──────── Provided information

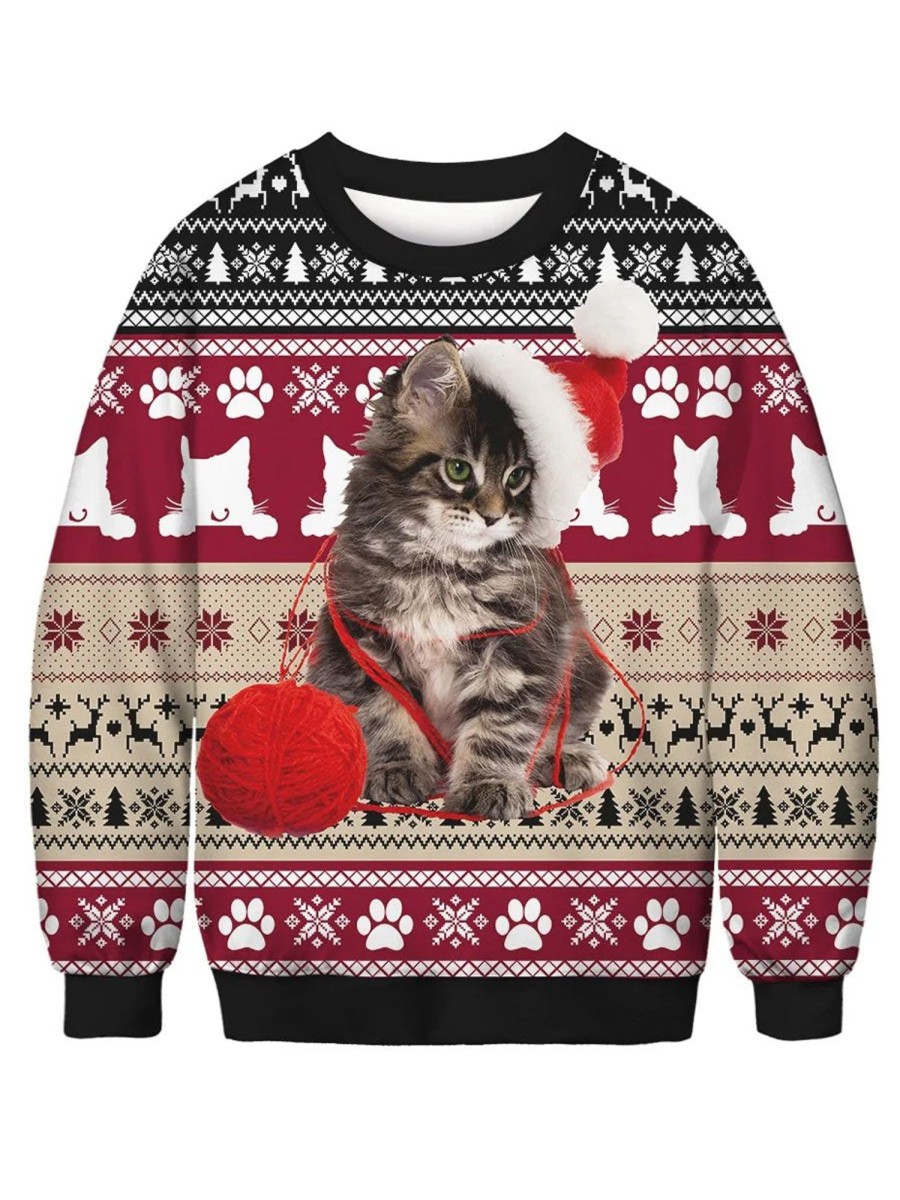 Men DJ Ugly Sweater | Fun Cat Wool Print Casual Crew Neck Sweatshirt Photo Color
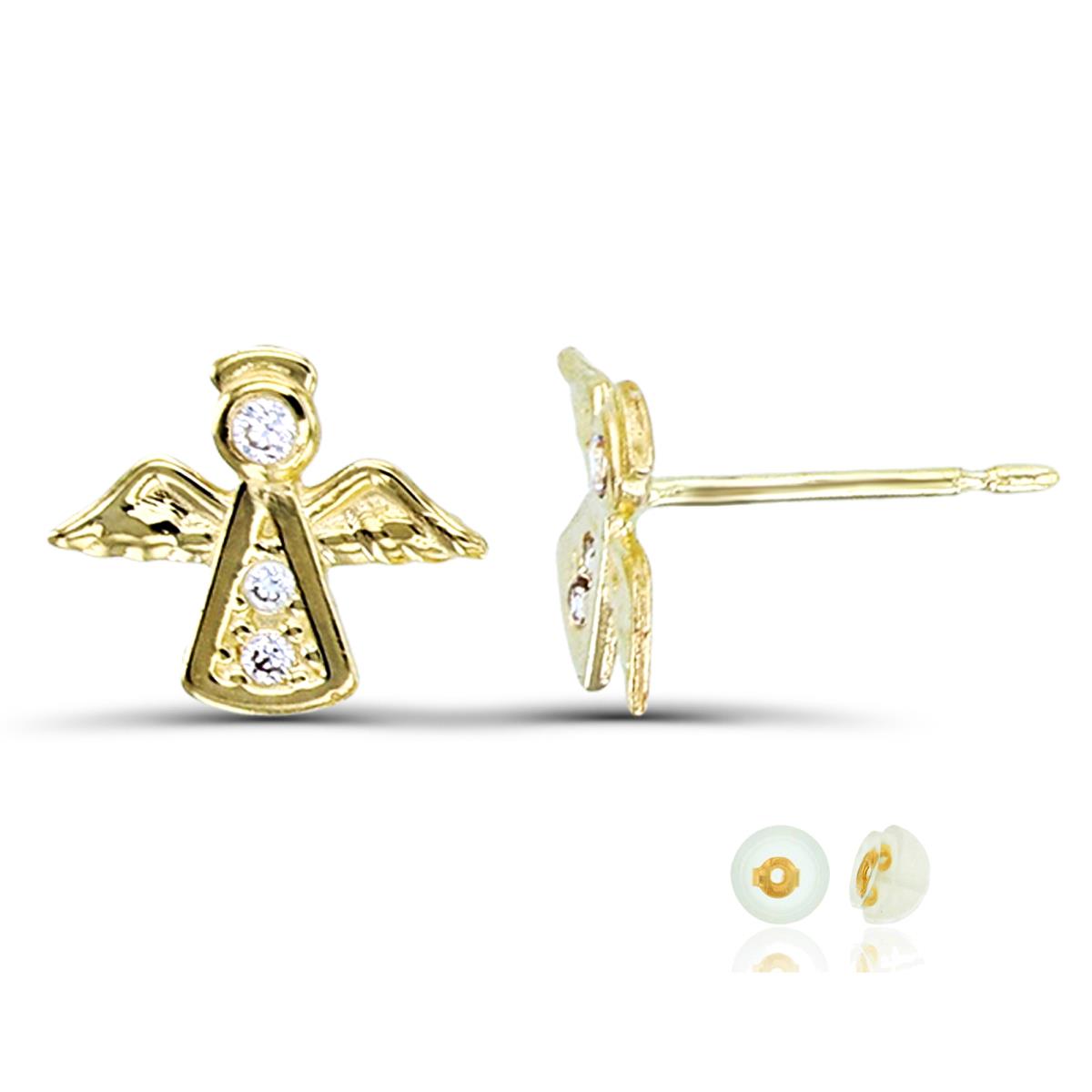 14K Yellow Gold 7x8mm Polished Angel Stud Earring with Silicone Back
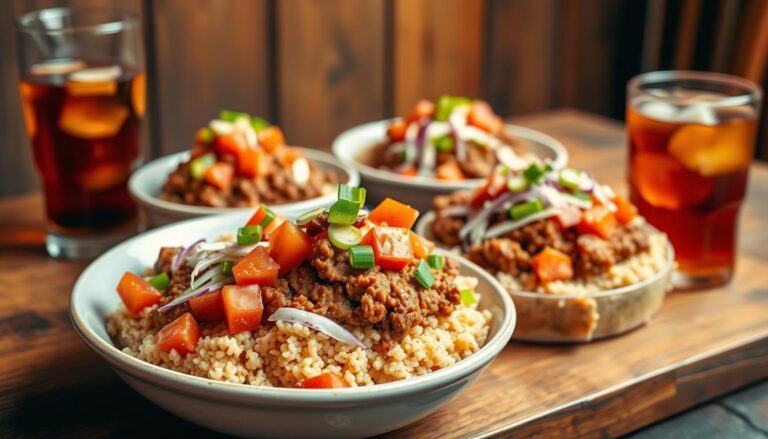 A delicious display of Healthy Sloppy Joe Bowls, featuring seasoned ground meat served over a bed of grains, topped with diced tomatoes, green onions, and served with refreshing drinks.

────────────────
──────── Provided information

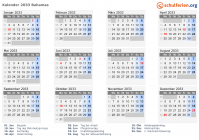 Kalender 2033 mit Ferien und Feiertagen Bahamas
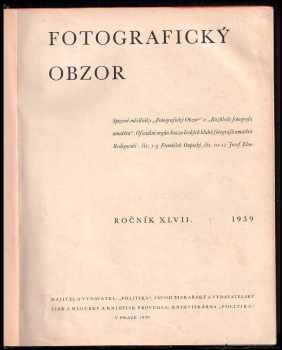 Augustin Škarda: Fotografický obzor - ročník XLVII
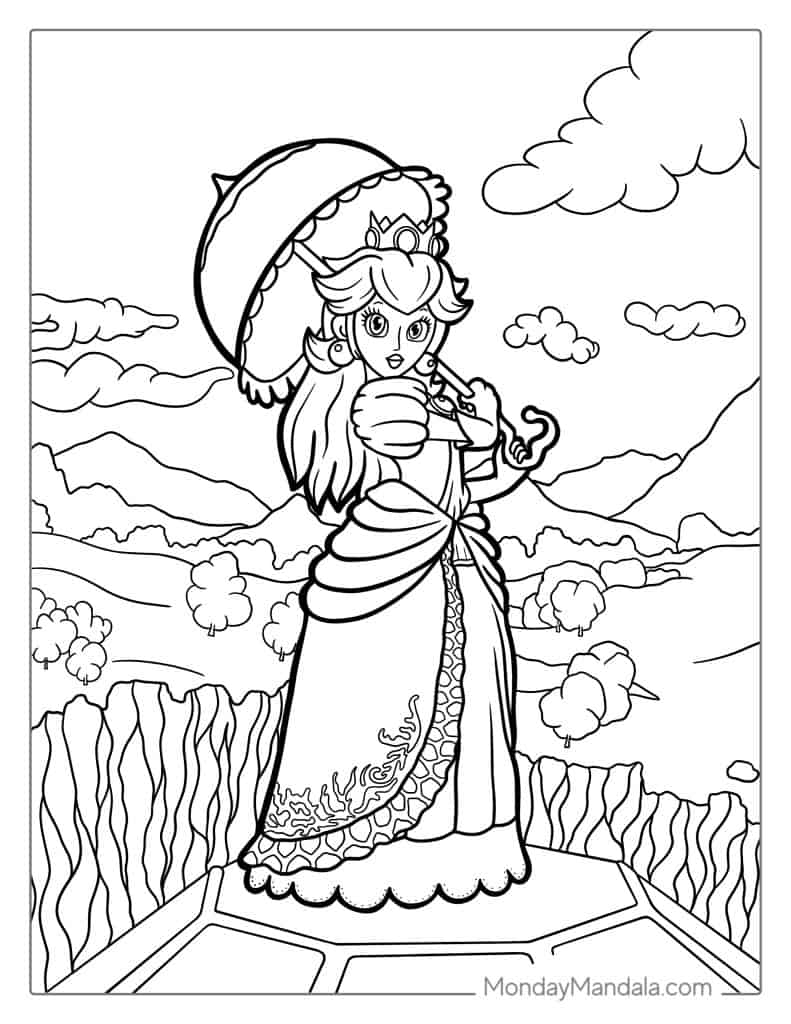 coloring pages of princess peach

────────────────
──────── Provided information

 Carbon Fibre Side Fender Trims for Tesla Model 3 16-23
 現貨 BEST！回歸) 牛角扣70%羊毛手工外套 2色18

────────────────

- [Exercise]
Among the lines above, the one with "14K Yellow Gold" opens the part to repeat and the one with "A delicious display" closes it; repeat only that part exactly, with no pictures.

- [Response]
 14K Yellow Gold 7x8mm Polished Angel Stud Earring with Silicone Back
 A delicious display of Healthy Sloppy Joe Bowls, featuring seasoned ground meat served over a bed of grains, topped with diced tomatoes, green onions, and served with refreshing drinks.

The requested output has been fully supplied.